I rub my hands with oil and, of course, my son wants some as well. I sprinkle the counter with flour, and start rolling out the dough.
I separate a small piece for my son.
“More, mommy. I want to make a big challah like you.”
I hand him another piece of dough, and quickly roll out and braid three challahs.
I look over at my son, his tongue sticking out of his mouth in concentration. He’s rolled out three ropes of dough and is attempting to braid them.
“Mom, help me make the twisty thing!”
Holding his hands, we carefully weave the strands under and over. Two strands are of similar size, but one is much thinner and longer.
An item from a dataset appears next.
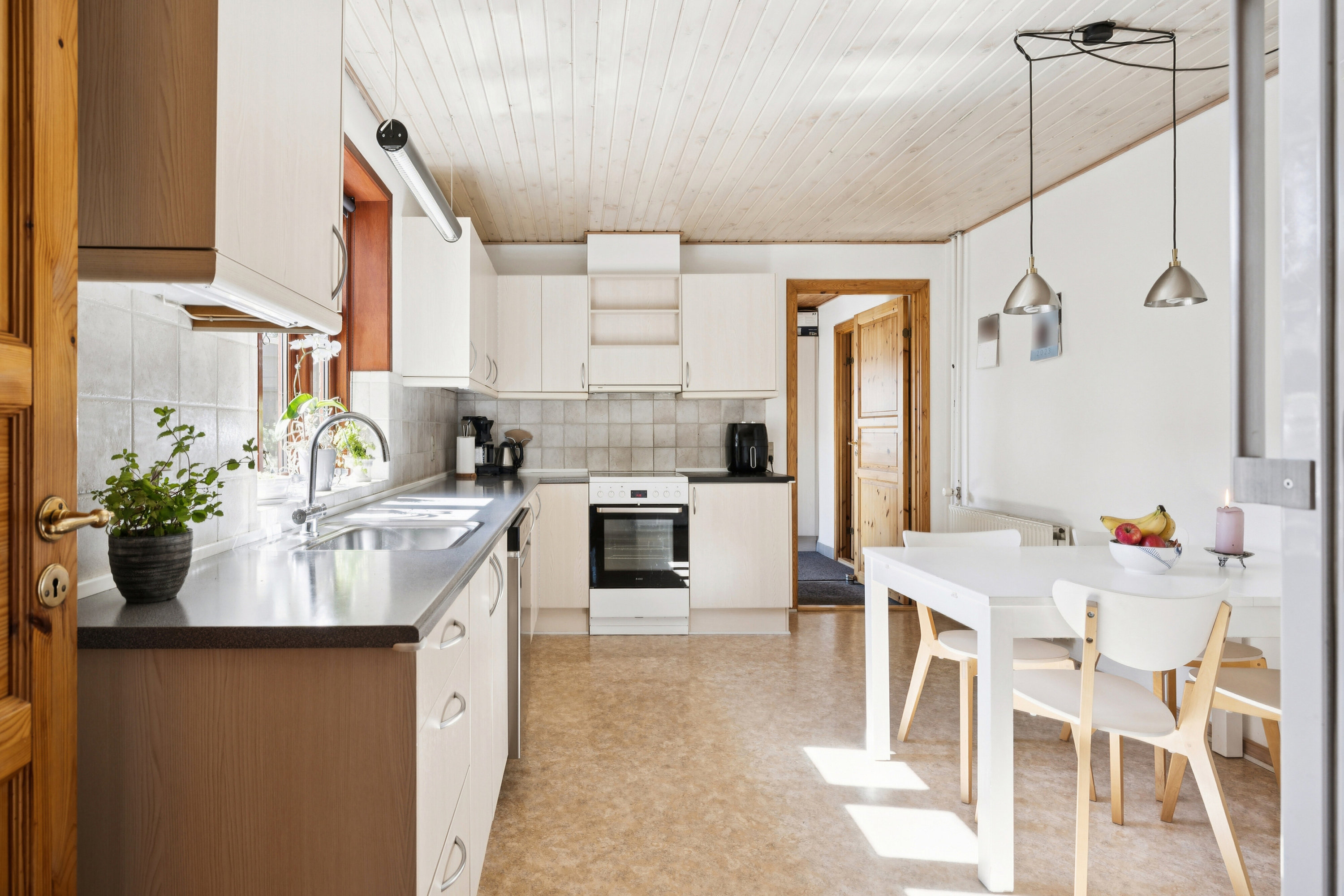 Fremhævet køkken billede i fuldskærmstilstand. Billede af Hovedgaden 13, 5932 Humble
Finally, it is finished. A more lopsided challah I have never seen. But my son’s face! “Look mommy, it’s just like yours!” We carefully place it on the baking sheet.
I return to braiding more challahs.
“Mommy, my hands are dirty. Turn on the sink.”
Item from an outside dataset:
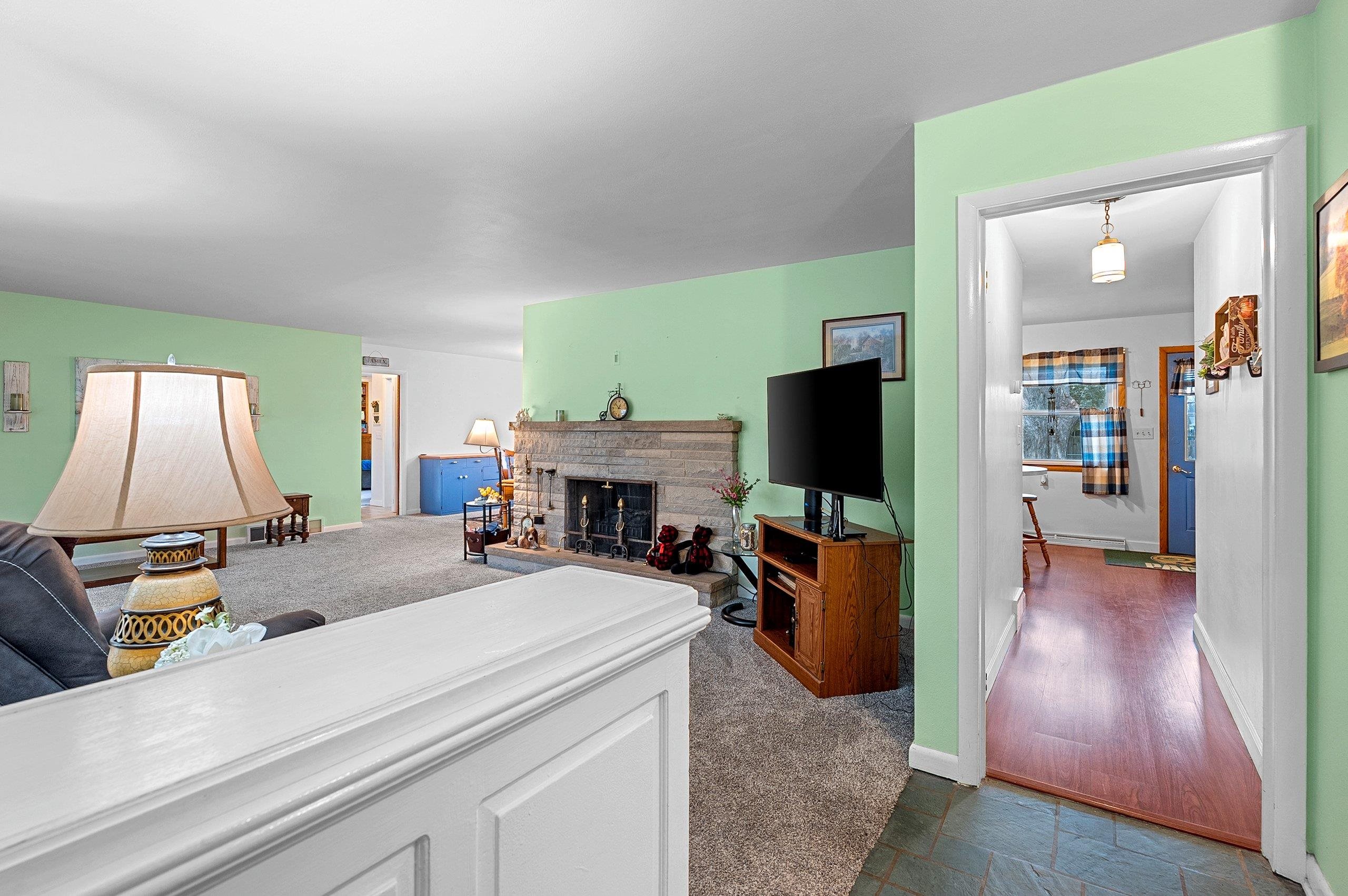 147 Quincy Street Oconto, WI 54153 - Photo 5 of 43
His hands are covered with sticky challah dough. He rubs them in the water, and now the sink has pieces of dough floating around the water. He dries his hands on a clean hand towel, rubbing wet and still doughy hands all over it.
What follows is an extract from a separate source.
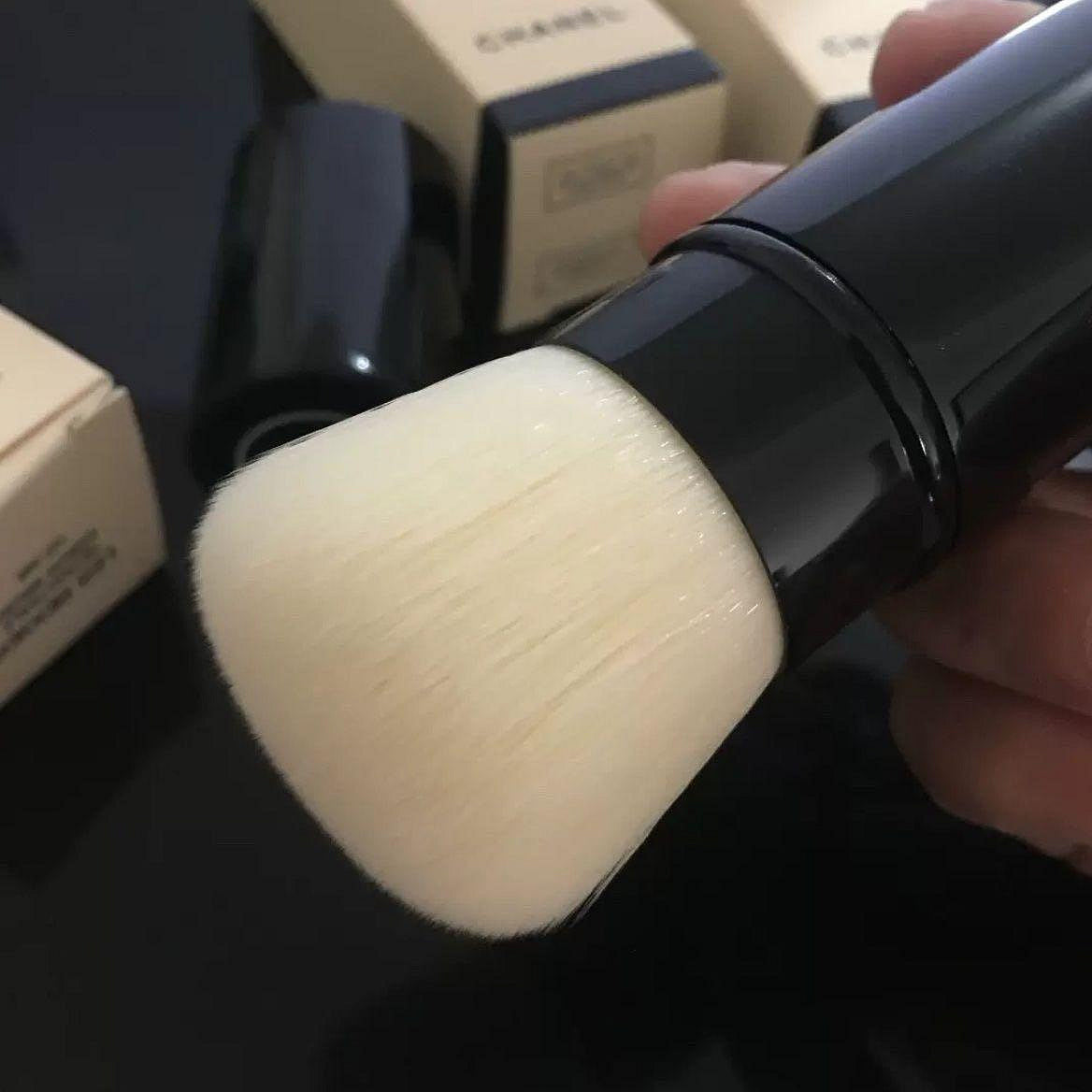 Chanel Brush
He takes the rest of his dough and carefully rolls it into one long strand. “I’m making a round one for Rosh Hashanah.”
I’m on my last challah. He’s still shaping his round challah.
I mix an egg to brush on top.
“Please, mommy, can I brush them?”
He moves his chair next to the trays of challah. Carefully dipping the brush into the egg wash, he paints each challah, and most of the trays.
I snap a picture, and post on Instagram.
“What a great egg wash helper,” my sister-in-law messages me almost instantly.
I look around the kitchen. There’s challah in the oven, already filling my house with that special pre-Shabbos scent; there’s trays of challah waiting to go into the oven, with globs of egg wash randomly placed; there’s flour on the counter and on the floor, mixed with water; the sink has blobs of dough stuck to the sides; and I am late to pick up my girls from school.
But my son. He’s in heaven. He’s made challah for Shabbos with mom. I guess he is a great egg wash helper. And a pretty amazing challah baking assistant in general.
He made me present and aware of the power of what I was doing. There’s nothing better than that.